It’s no secret that voice-enabled technology is taking off in the domestic sphere, but how is this increasingly robust technology impacting education? To find out, we talked to Marissa Mierow, who leads Alexa Education at Amazon, delivering innovative experiences for both students and developers focused on education technology.
Marissa's passion for education came early in her career when she was producing "edutainment" CD-ROM products for The Learning Company. It grew as she moved to Microsoft, working on various products that touched consumers' lives both in and out of the education sector, including MSN, Encarta and Xbox.
Now, in her role at Amazon, Marissa explains here how the Alexa Education team is creating a connection between school and home by giving students, parents, teachers and administrators a convenient way to access school-related information and content through the power of voice.
EdSurge: Why have we seen such rapid growth in the adoption of voice-enabled devices like the Amazon Echo?
Mierow: Every day we hear stories from customers about how much they love the convenience Alexa brings to their lives—it makes music easier, smart home easier, homes safer. It offers companionship for some and greater accessibility for those with disabilities. And as the world gets more connected, we think about how we can add value—how we can continue to make life more convenient, more productive for customers, while reducing friction and complexity.
Have you seen the same kind of adoption in education? If so, what does that look like?

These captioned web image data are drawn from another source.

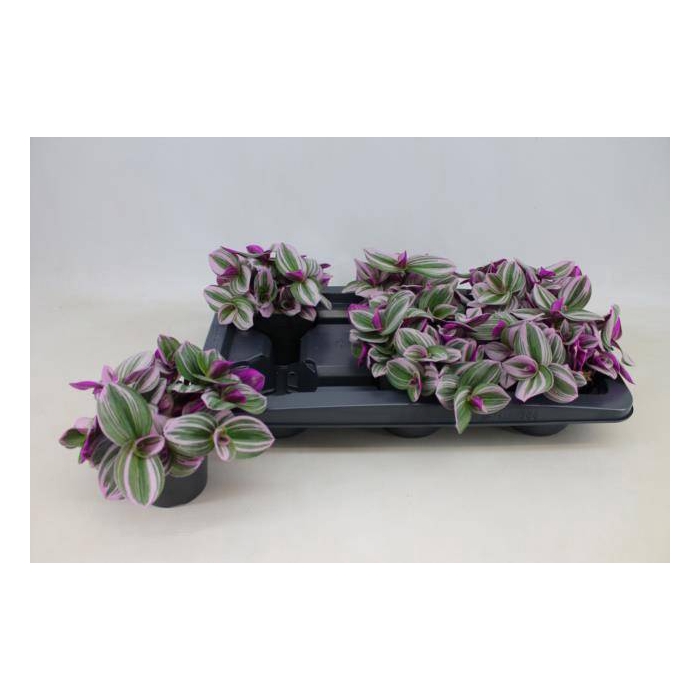 <h4>Tradescantia albiflora Nanouk 12Ø 20cm</h4>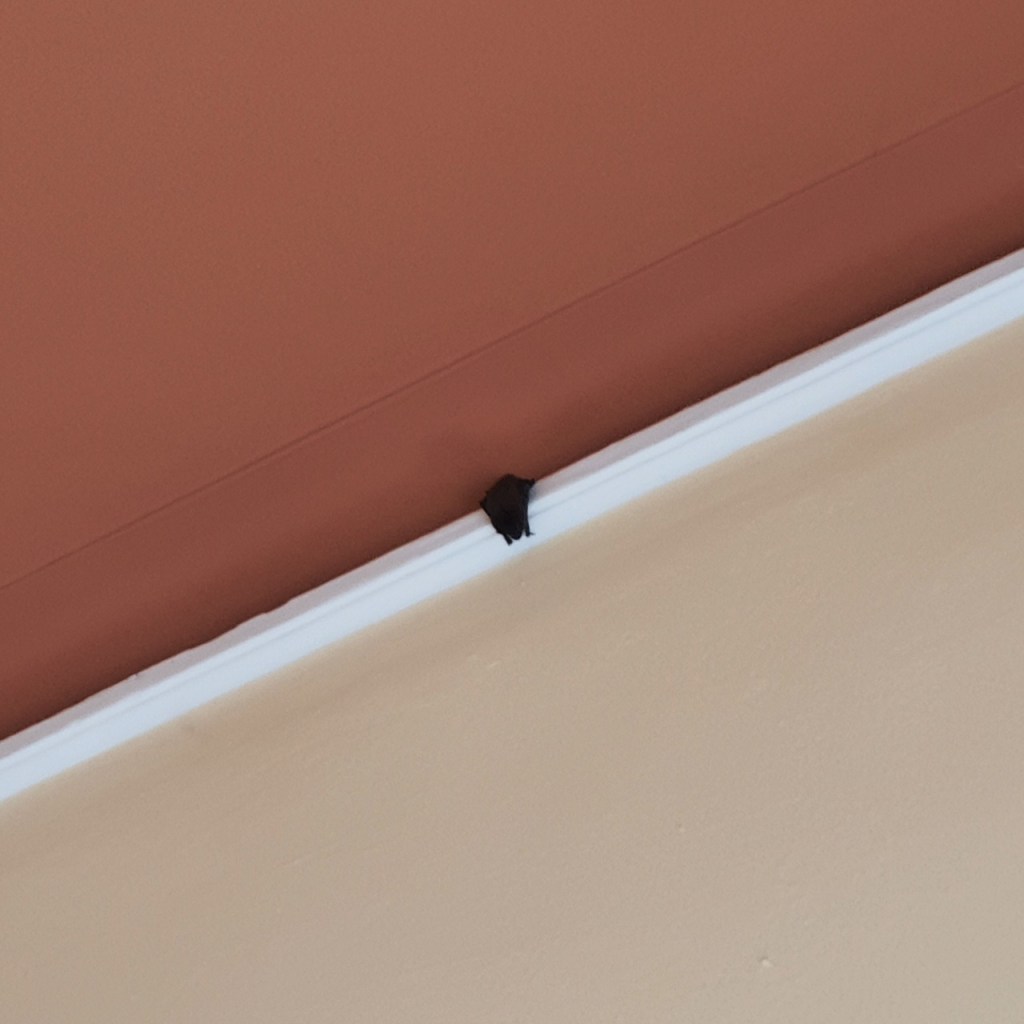 Gezoomte Aufnahme einer Fledermaus, die an einer Wandkante hängt (© Cornelia Hebrank, 2024)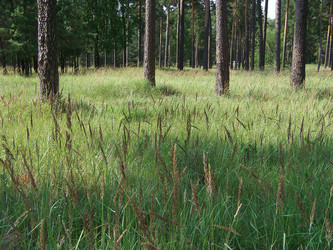 Similar image 1022716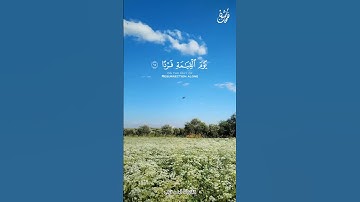 أتي الرحمن عبدا راحة و طمأنينة القارئ أحمد دياب #قرآن #أحمد_دياب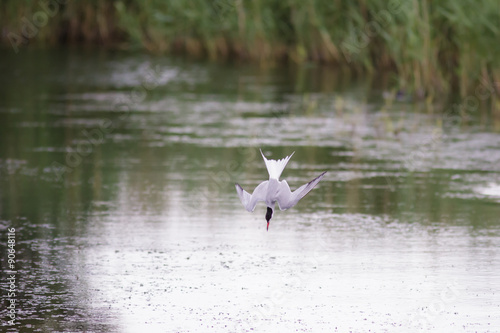 Common Tern (sterna hirundo) diving into the water for a fish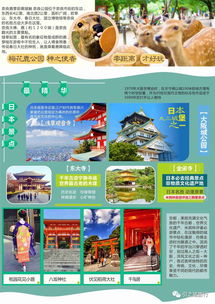 一场说走就走的亲子之旅（官方宣传）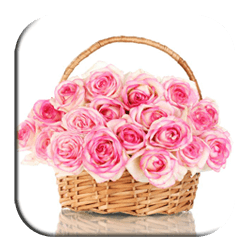 Bone Of My Bone Weddings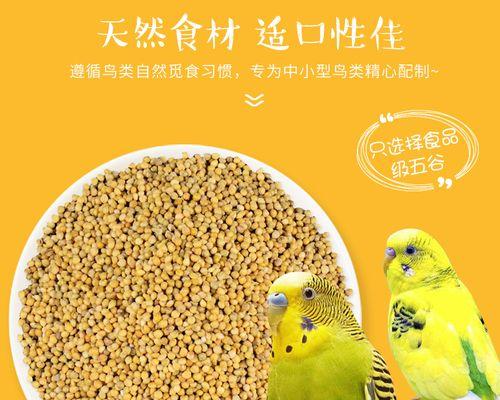 以刚出生的虎皮鹦鹉吃什么（宝宝虎皮鹦鹉食谱大揭秘） - 悠悠酷狗网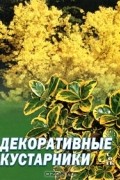 Любовь Мовсесян - Декоративные кустарники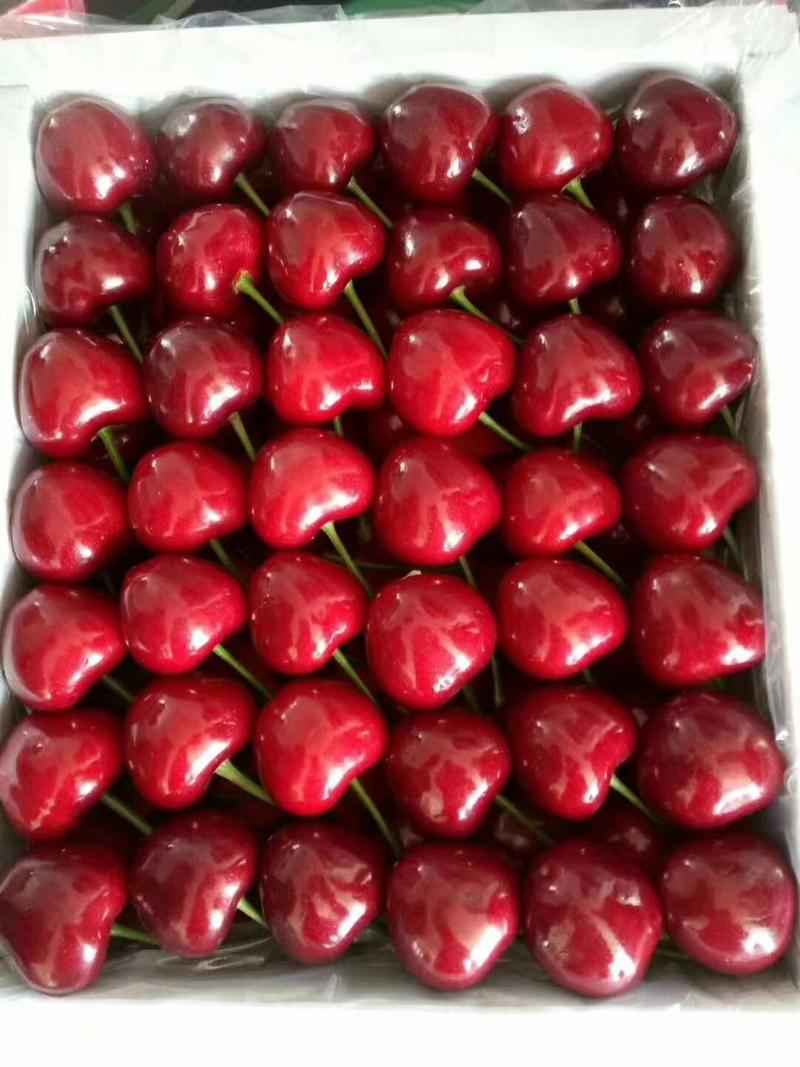 车厘子大樱桃规格种类齐全个个大果产地发货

Higher education institutions, edtechs and learning companies are using Alexa to enhance experiences for students and provide access to information and learning resources in a more convenient way. Last year, we introduced the Alexa Education Skill API, which is a set of interfaces that allow edtech developers—such as those building Learning Management Systems, Student Information Systems, Classroom Management providers and massive open online course platforms—to quickly and easily build voice experiences.
Higher education institutions, edtechs and learning companies are using Alexa to enhance experiences for students.
We’ve been really excited about collaborating with edtech developers—we now have skills available to customers from Kickboard, ParentSquare, Coursera, Blackboard and Canvas. Parents and students 13 and older can request information about school work and assignments directly from Alexa, simply by asking, “Alexa, what did Kaylee do in school today?” or “Alexa, what is my homework tonight?”
In addition to the Education Skills Kit, we’ve also been working with universities and edtechs who are interested in building Alexa skills because of the widespread adoption they are seeing with voice. They really see voice as the next great user interface, just like mobile was in the previous decade, and they want to stay ahead of the curve.
Furthermore, they see Alexa as an interesting way to deepen engagement on campus and make it easier for users to access helpful content, information and products. On campuses like Saint Louis University and Arizona State University, Alexa-enabled devices are being used to create smart campus environments in dorm rooms, libraries, common areas, classrooms and conference rooms. So while we are still in early days, we are seeing some really exciting examples of how education is embracing voice.
How do you see voice-enabled technology changing the contours of education?
Voice is the most natural interface; it is our primary mode of communication. It is also fundamental to a multi-sensory means of education, which research consistently shows aids in students’ ability to comprehend, retain and master concepts. In that regard, one’s voice already plays a huge role in education, and I see voice-enabled technology adding more convenience and more scalability to that learning process.
Voice is the most natural interface; it is our primary mode of communication.
What are the key ingredients of a successful voice-enabled app?
Some of the most popular categories of skills include smart home, games and music. However, developers are finding success with a variety of use cases. Categories like Productivity, Education & Reference and Kids saw triple digit growth in 2019. While there are various factors to consider, we’ve found that many of the skills with the highest customer engagement do a few things well: 1) They solve a customer problem or provide unique value to customers; 2) They are engaging and surprise and delight where possible; 3) They are easy to use and prioritize the voice interaction; and 4) They encourage repeatable use by keeping the experience fresh for customers.
If companies are interested in working with voice, where do they start? How long does it take? Any tips for diving into this space?
The Amazon Alexa developer console is a great place to start! There are many tutorials, design guides and webinars you can take to learn how to build experiences for voice. Or check out what other companies and schools have done to get a sense of what’s possible with Alexa. I would also start by thinking about your customer—who are they, what do you know about them, and what do you want them to accomplish? Lastly, there is no formula or specific timespan required. My advice is to build something simple first, test it with a cohort of your target customers and then improve upon it. Don’t be afraid to make mistakes the first time—just learn, improve and expand your skill over time.